_Aim of the exercise_
Please return only the lines from the one holding "White Square Neck Long Skirt" through the one holding "Rainbow Fire Topaz", exactly as they appear in the records below, both ends included.

(Dataset records)

· · · · · · ·

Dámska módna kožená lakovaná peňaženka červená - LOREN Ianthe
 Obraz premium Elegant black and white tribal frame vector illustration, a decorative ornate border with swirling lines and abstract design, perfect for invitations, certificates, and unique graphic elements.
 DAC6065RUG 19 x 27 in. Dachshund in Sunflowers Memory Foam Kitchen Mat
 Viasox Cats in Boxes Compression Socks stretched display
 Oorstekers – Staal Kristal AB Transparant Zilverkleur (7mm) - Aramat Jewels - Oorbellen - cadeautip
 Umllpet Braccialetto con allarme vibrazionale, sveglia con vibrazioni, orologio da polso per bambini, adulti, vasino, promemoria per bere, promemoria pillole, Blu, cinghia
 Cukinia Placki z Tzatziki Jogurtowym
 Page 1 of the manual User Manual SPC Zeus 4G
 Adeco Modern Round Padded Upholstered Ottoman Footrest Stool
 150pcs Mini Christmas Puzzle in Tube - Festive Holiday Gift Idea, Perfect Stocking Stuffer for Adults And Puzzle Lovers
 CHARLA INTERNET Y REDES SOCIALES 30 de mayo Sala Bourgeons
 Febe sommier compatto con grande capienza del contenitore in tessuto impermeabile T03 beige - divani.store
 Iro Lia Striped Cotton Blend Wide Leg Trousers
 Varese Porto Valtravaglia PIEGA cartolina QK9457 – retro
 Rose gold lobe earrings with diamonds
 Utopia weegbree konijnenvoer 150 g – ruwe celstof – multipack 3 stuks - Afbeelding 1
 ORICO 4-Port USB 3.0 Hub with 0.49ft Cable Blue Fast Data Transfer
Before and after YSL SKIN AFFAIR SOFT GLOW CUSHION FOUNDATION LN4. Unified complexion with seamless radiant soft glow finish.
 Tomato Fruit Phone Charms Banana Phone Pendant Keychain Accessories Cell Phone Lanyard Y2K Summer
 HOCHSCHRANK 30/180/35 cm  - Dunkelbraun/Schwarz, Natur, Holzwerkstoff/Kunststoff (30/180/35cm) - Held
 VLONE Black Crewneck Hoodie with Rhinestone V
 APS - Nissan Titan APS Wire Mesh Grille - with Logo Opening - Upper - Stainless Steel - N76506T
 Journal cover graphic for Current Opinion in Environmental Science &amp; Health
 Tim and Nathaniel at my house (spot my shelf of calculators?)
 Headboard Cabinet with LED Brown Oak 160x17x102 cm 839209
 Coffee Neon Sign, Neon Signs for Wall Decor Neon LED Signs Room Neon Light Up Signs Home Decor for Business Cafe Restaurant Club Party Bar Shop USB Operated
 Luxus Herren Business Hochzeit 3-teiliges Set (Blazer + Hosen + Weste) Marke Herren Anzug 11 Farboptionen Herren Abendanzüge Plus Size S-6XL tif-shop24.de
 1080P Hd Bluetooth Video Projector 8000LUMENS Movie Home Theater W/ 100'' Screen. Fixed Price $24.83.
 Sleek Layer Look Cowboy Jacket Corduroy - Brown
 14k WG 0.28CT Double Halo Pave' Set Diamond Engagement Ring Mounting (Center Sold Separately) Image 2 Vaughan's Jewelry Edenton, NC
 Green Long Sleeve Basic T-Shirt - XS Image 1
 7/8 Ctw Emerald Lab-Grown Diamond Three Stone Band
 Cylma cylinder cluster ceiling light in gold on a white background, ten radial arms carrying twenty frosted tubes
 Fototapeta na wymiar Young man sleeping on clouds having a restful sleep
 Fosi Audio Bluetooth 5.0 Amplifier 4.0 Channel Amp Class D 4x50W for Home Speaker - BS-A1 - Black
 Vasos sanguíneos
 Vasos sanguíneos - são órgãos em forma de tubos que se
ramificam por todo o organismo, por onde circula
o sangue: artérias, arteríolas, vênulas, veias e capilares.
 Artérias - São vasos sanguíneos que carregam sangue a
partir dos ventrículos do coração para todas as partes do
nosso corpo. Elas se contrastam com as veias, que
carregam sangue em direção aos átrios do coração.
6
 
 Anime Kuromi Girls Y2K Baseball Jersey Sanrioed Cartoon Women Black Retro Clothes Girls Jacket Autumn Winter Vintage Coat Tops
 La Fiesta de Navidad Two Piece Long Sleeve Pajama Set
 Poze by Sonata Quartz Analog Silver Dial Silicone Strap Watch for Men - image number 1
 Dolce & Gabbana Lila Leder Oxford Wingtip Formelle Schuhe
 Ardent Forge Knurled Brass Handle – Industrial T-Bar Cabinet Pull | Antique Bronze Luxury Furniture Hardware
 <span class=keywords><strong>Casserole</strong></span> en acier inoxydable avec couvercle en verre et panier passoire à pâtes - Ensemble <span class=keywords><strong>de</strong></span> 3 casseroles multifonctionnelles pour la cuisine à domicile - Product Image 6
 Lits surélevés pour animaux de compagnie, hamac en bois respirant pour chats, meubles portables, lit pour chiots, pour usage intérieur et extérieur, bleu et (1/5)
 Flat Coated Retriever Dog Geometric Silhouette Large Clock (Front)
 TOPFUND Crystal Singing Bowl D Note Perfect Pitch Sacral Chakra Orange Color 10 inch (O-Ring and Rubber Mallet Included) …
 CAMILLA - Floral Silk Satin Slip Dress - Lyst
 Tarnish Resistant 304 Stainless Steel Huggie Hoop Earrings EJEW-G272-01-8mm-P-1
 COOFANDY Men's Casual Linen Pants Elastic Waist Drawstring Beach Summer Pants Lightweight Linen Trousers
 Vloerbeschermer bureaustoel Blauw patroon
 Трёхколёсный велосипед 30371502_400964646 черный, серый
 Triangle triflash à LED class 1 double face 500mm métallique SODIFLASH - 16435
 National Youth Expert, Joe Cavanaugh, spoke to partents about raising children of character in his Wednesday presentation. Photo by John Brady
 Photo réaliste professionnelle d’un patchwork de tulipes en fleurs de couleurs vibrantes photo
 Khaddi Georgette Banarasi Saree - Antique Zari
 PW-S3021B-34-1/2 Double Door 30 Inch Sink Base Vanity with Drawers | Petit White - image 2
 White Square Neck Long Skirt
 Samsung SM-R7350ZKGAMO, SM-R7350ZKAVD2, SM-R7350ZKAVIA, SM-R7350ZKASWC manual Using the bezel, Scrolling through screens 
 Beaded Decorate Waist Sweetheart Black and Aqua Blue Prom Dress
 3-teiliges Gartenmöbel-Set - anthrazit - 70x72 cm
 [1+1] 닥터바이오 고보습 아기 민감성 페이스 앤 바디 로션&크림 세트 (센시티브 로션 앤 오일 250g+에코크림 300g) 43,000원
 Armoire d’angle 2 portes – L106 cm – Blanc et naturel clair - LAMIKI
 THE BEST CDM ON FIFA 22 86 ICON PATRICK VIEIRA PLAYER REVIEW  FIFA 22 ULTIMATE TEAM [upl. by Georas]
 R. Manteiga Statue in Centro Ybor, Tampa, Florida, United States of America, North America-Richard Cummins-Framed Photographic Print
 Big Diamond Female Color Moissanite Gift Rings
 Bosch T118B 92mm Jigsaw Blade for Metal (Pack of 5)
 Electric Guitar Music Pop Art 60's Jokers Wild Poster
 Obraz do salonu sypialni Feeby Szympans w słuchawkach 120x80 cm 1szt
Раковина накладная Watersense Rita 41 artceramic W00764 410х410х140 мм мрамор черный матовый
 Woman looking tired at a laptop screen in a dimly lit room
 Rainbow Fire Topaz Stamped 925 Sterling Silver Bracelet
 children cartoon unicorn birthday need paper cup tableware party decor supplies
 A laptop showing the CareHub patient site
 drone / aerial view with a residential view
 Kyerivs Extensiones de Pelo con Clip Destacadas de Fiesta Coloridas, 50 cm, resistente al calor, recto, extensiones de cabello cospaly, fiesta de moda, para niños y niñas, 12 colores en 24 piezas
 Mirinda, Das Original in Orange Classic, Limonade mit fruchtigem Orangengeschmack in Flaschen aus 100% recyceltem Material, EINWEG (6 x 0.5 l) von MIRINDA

· · · · · · ·

_Result of the exercise_
 White Square Neck Long Skirt
 Samsung SM-R7350ZKGAMO, SM-R7350ZKAVD2, SM-R7350ZKAVIA, SM-R7350ZKASWC manual Using the bezel, Scrolling through screens 
 Beaded Decorate Waist Sweetheart Black and Aqua Blue Prom Dress
 3-teiliges Gartenmöbel-Set - anthrazit - 70x72 cm
 [1+1] 닥터바이오 고보습 아기 민감성 페이스 앤 바디 로션&크림 세트 (센시티브 로션 앤 오일 250g+에코크림 300g) 43,000원
 Armoire d’angle 2 portes – L106 cm – Blanc et naturel clair - LAMIKI
 THE BEST CDM ON FIFA 22 86 ICON PATRICK VIEIRA PLAYER REVIEW  FIFA 22 ULTIMATE TEAM [upl. by Georas]
 R. Manteiga Statue in Centro Ybor, Tampa, Florida, United States of America, North America-Richard Cummins-Framed Photographic Print
 Big Diamond Female Color Moissanite Gift Rings
 Bosch T118B 92mm Jigsaw Blade for Metal (Pack of 5)
 Electric Guitar Music Pop Art 60's Jokers Wild Poster
 Obraz do salonu sypialni Feeby Szympans w słuchawkach 120x80 cm 1szt
Раковина накладная Watersense Rita 41 artceramic W00764 410х410х140 мм мрамор черный матовый
 Woman looking tired at a laptop screen in a dimly lit room
 Rainbow Fire Topaz Stamped 925 Sterling Silver Bracelet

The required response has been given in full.